# What you need to do
Copy the material below verbatim from the line with "personne utilisant internet" to the line with "Зеркало напольное черное", both lines included, omitting pictures and every line outside that range.

# Data under study
• • • • •

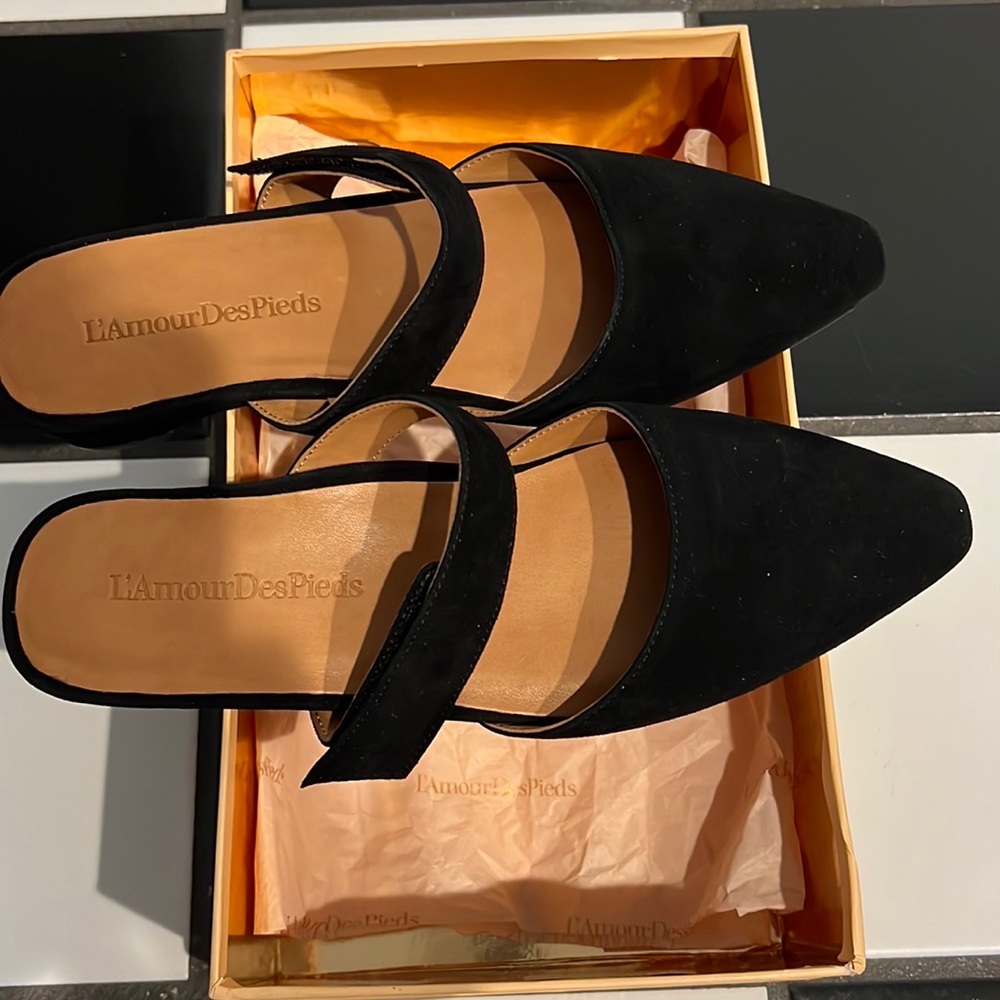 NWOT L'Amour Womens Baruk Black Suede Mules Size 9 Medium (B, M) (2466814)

• • • • •

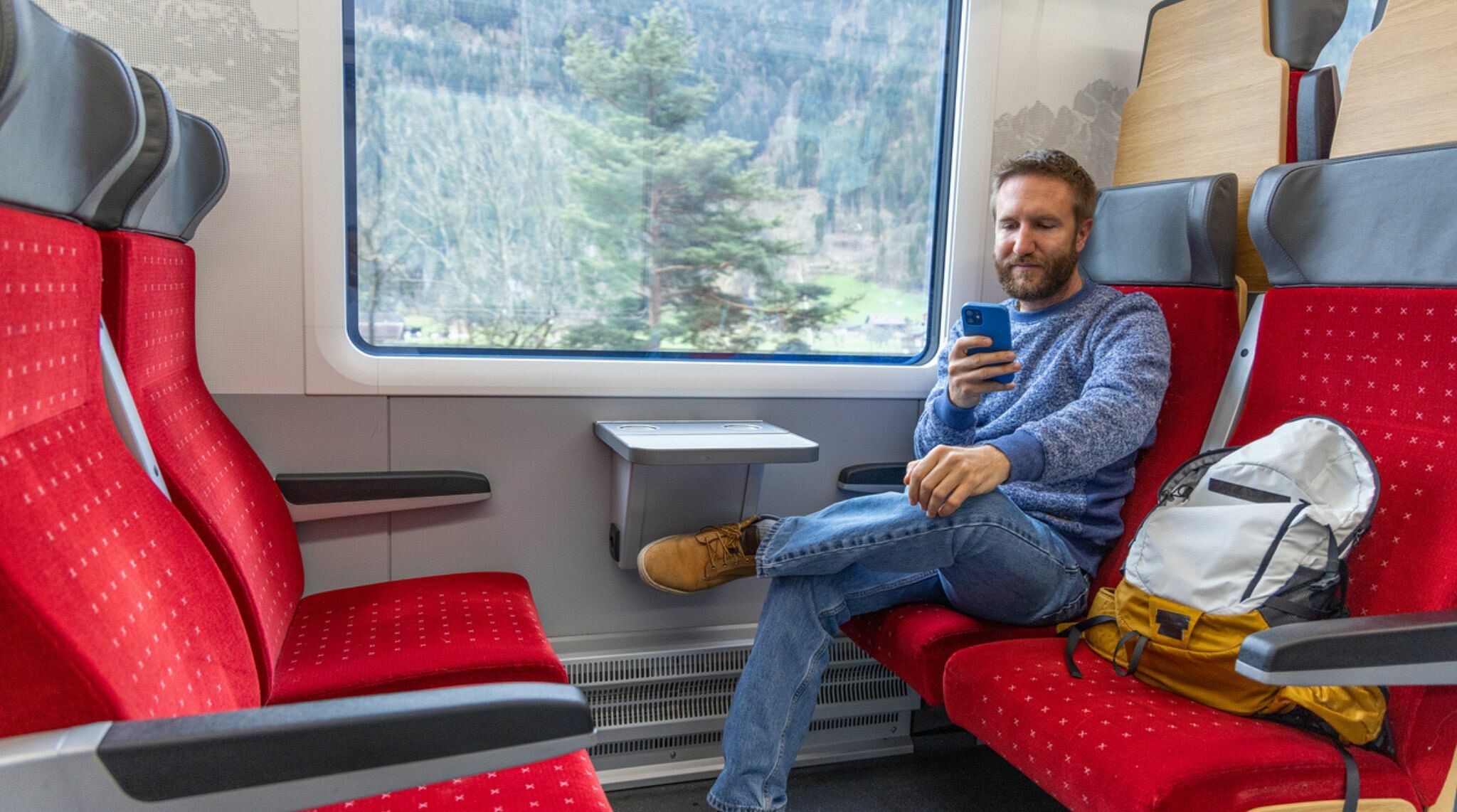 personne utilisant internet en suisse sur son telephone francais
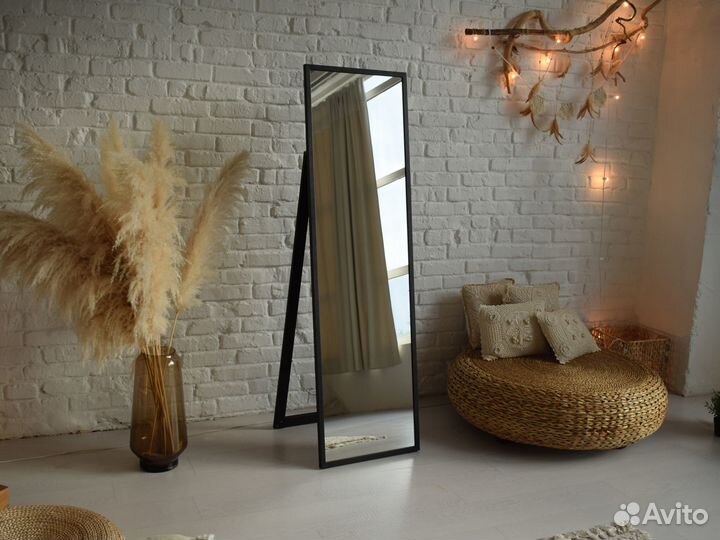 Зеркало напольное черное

• • • • •

# Response
 personne utilisant internet en suisse sur son telephone francais
 Зеркало напольное черное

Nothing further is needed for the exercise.